15. The welding system of claim 9, wherein:

the adjustable resistance comprises a series connection of a first transistor and a first resistor, a series connection of a second transistor and a second resistor, and a series connection of a third transistor and a third resistor, and

the series connection of the first transistor and the first resistor is connected in parallel with the series connection of the second transistor and the second resistor, and is further connected in parallel with the series connection of the third transistor and the third resistor.

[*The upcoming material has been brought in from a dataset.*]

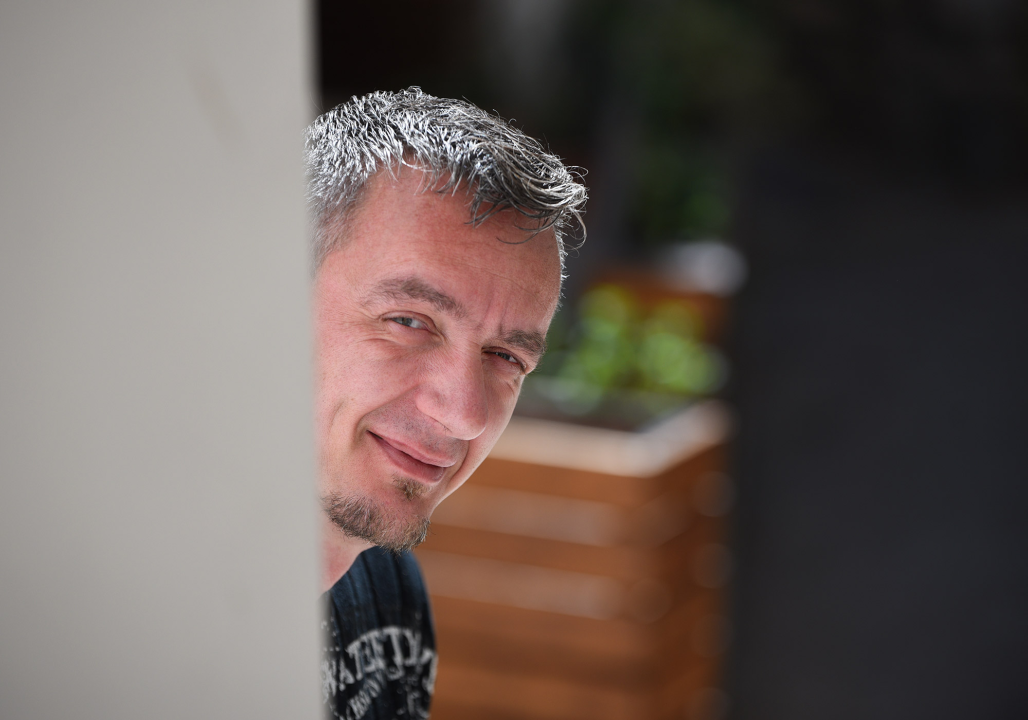 FOTO Đir po gradu, petak 24. ožujka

16. A welding system, comprising:

a welding electrode;

a power supply configured to provide a series of welding waveforms to the welding electrode to generate a welding current in the welding electrode, wherein an individual welding waveform of said series includes: a predetermined minimum current portion; a peak current portion; and a background current portion having a magnitude that is greater than the minimum current portion and less than the peak current portion,

wherein the power supply comprises: an output switch; an adjustable resistance comprising an array of individually switched resistances connected in parallel with the output switch; and a controller operatively connected to the output switch and to the array of individually switched resistances, and configured to control switching operations of the output switch, and to control a resistance level of the adjustable resistance by controlling activation of the individually switched resistances,

wherein the controller controls the switching operations of the output switch and the activation of the individually switched resistances such that the peak current portion and the background current portion of the welding current flow through the output switch and the welding electrode, and the minimum current portion of the welding waveform flows through the adjustable resistance and the welding electrode.

17. The welding system of claim 16, wherein the individually switched resistances have respective different resistance values.

18. The welding system of claim 16, wherein the individually switched resistances have resistance values less than 20 Ohms.

19. The welding system of claim 16, further comprising a wire feeder that feeds the welding electrode at a wire feed speed, wherein the controller is configured to automatically adjust a resistance level of the adjustable resistance based on the wire feed speed.

20. The welding system of claim 16, wherein:

the array of individually switched resistances comprises a series connection of a first transistor and a first resistor, a series connection of a second transistor and a second resistor, and a series connection of a third transistor and a third resistor, and

the series connection of the first transistor and the first resistor is connected in parallel with the series connection of the second transistor and the second resistor, and is further connected in parallel with the series connection of the third transistor and the third resistor.